Here we come to the elephant in the room: does this game respect your time? Yes and no. I truly believe the ideal idle game not only possesses the qualities I listed above, but can also be completed within less than a day of play. All idle games I've played that pass this time limit I find are extending their length beyond what interesting content they have. Prestiging is a basic concept of the genre, but so many have you go through an hours long cycle to make a tiny upgrade, and then you do it all again. Repeat for weeks of your life. Gnorp Apologue is definitely better than most at this - I still felt that I was experimenting and learning new things with each cycle even if all I got for my troubles was one or two more prestige points - but it's undoubtable that the rate of new content thrown at you lowers dramatically after the first few hours.

Here we come to the elephant within the elephant within the room (the first one was hungry): you have to pay for this game to play it. I think this game is worth the money, but all paid incremental games hit this wall. A game about manipulating numbers can only have so many systems and layers until it becomes ungodly complicated and/or require an unworthy amount of dev time. So the rate at which this content is introduced inevitably slows down at a certain point of complexity until you've prestiged enough times to beat it.
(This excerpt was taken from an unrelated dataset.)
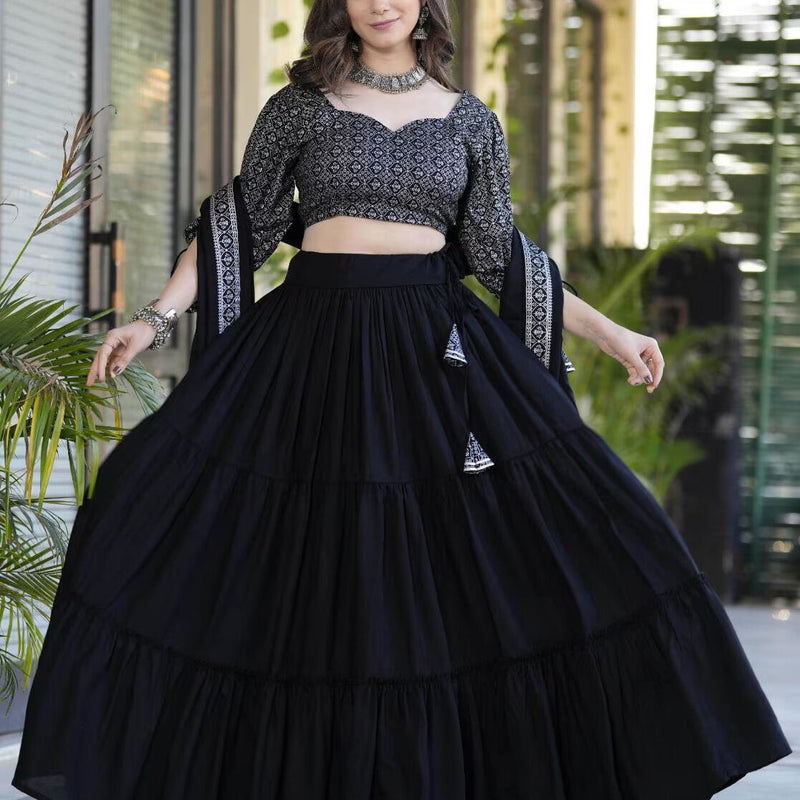 Women Flared Lehenga & Choli with Dupatta
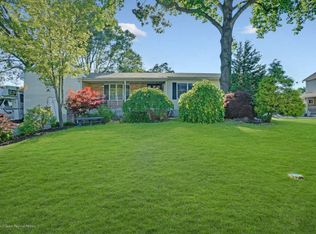 566 Vaughn Ave, Toms River, NJ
It took me just over 17 hours (with a fair amount of idling) to do so. I believe if the numbers were fudged so that it took more like 10 hours instead, it would be a more consistently engaging experience. But I don't regret any time I spent with this game. After finishing, I went back to get some more prestige points to see the endgame of my overarching strategy, then got the rest of the achievements, which I don't do that regularly. So overall it won't change your opinion on idle games but, if your views on them align with mine, I think you'll get your money's worth. End of review. Nothing else to say. Nope.